BEGIN Extracted records
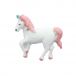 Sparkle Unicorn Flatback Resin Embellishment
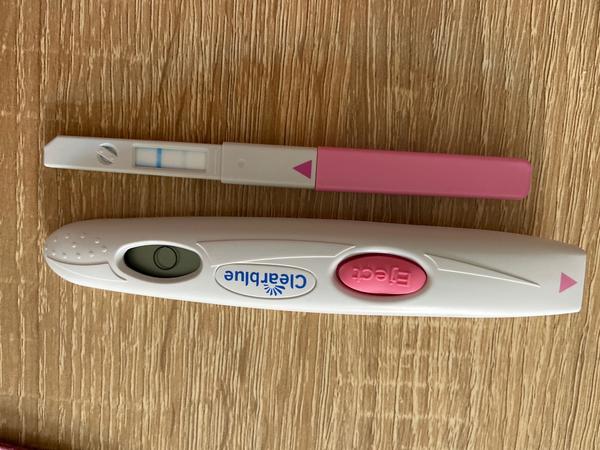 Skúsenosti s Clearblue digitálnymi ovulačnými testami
END Extracted records
BEGIN Extracted records
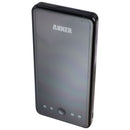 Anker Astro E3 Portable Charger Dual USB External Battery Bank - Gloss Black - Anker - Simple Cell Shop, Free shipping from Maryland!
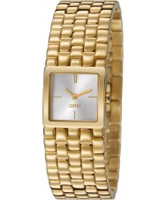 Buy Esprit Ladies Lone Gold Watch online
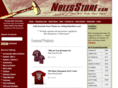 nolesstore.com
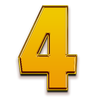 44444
END Extracted records
BEGIN Extracted records
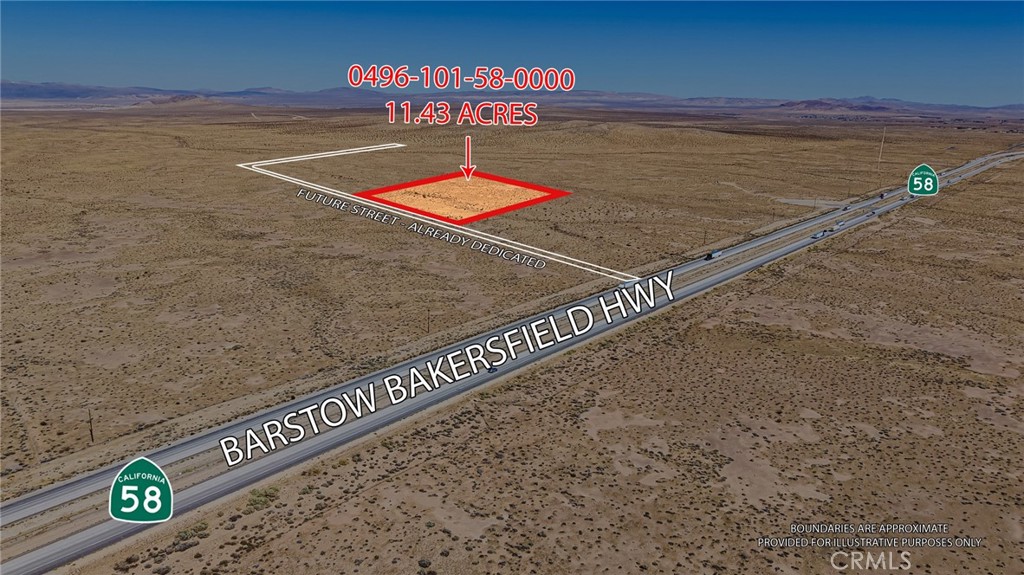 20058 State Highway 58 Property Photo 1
END Extracted records
Your objective:
Output exactly those lines of the data above that run from the line with "Sparkle Unicorn Flatback Resin Embellishment" up to and including the line with "Skúsenosti s Clearblue". No pictures go in.

Response to the task:
 Sparkle Unicorn Flatback Resin Embellishment
 Skúsenosti s Clearblue digitálnymi ovulačnými testami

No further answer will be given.